God’s people have always been created by the Word of God. From creation in Genesis 1 to Abraham’s call in Genesis 12, from the vision of the valley of dry bones in Ezekiel 37 to the coming of the living Word, God has always created His people through His Word. As Paul wrote to the Romans, “Does faith come from preaching and preaching through the word of Christ?”(10:17). Or, as he writes to the Corinthians: “For, in the wisdom of God, the world did not know him by his own wisdom, did God please save those who believe through the madness of preaching?(1 Corinthians 1: 21).

? A church built on music? Is it a church built on sand?

Healthy and explicit preaching is often the source of a church’s growth; in Martin Luther’s experience, such attention to the Word of God was the principle of reform; we must also commit ourselves to being churches always reformed according to the Word of God.

Once, while teaching a London church seminar on Puritanism, I mentioned that Puritan sermons sometimes lasted two hours.

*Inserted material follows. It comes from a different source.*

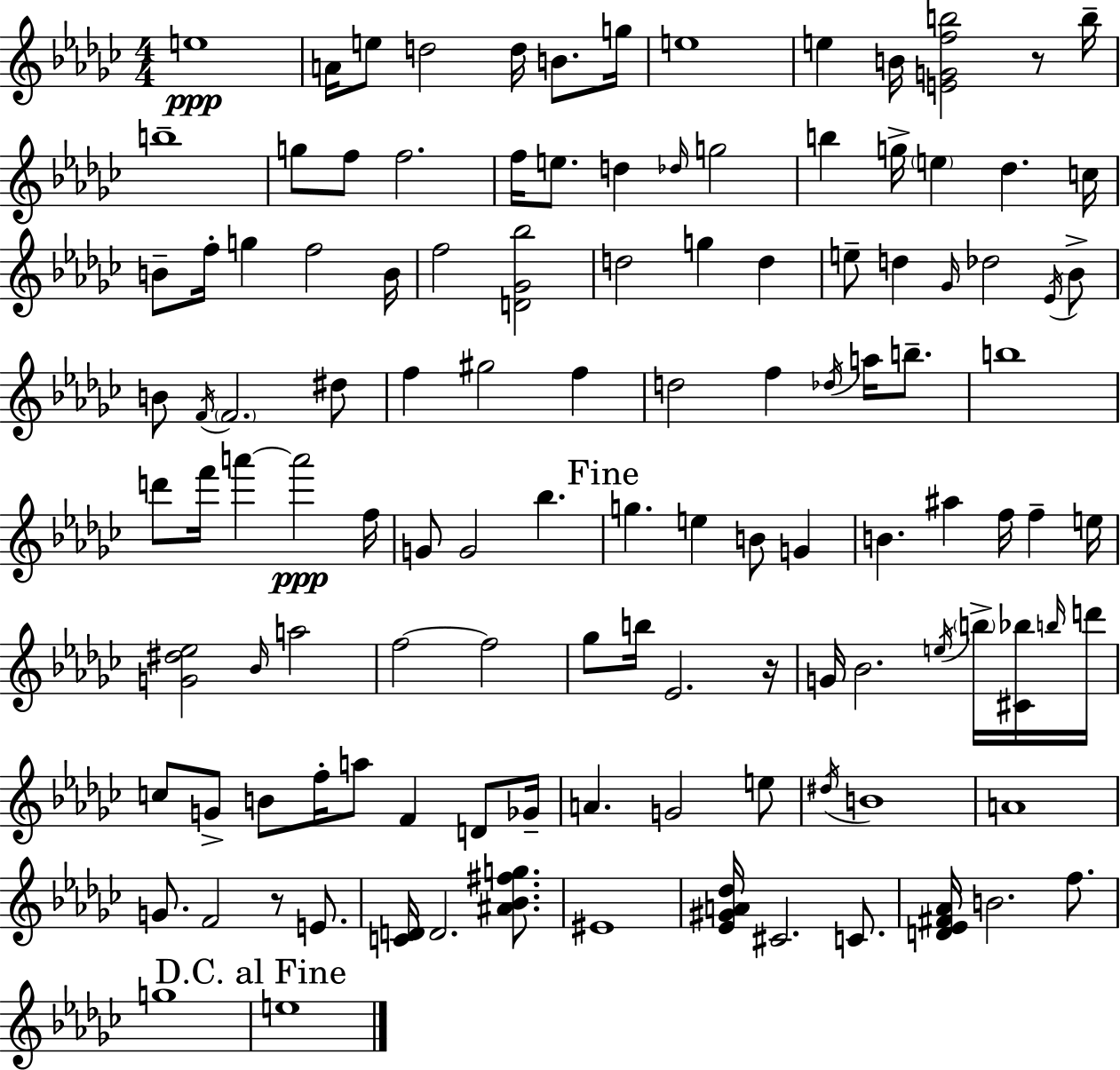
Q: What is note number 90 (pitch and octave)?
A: D4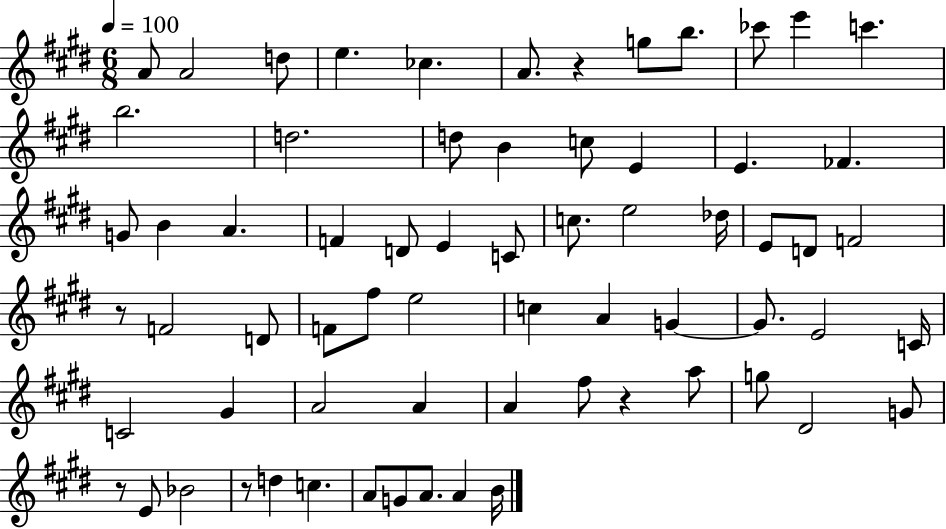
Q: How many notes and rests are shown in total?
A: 67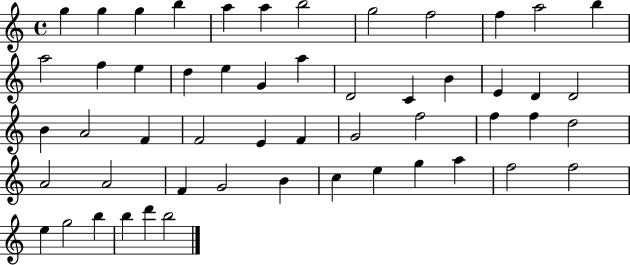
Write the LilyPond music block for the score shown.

Faced with this, a person asked, “How much time is left for worship?” Hearing the word of God preached was not supposed to be worship. I responded that many English Protestant Christians would have considered hearing God’s word in their own language and responding to it in their lives as an essential part of their worship. , it would be relatively a sower.

Our churches must regain the central place of the Word in our worship. Hearing and responding to God’s Word can include praise and thanksgiving, confession and proclamation, and any of these things can take the form of a song, but none of them. you do not need to take this form. A church built with music? what is the style? it is a church built on sand. Preaching is the fundamental component of the pastorate. Pray for your pastor to dedicate himself to studying the Bible with rigor, care and seriousness, and that God will lead him to understand the Word, to apply it to his own life and to apply it in the Church (see Luke 24:27; Acts 6: 4; Ephesians 6: 19-20). If you are a pastor, pray about these things for yourself. Pray also for others who preach and teach the Word of God. Finally, pray that our churches will commit to hearing God’s Word preached explicitly, so that the leadership of each church is increasingly shaped by God’s agenda as expressed in Scripture. Commitment to explanatory preaching is the hallmark of a healthy church.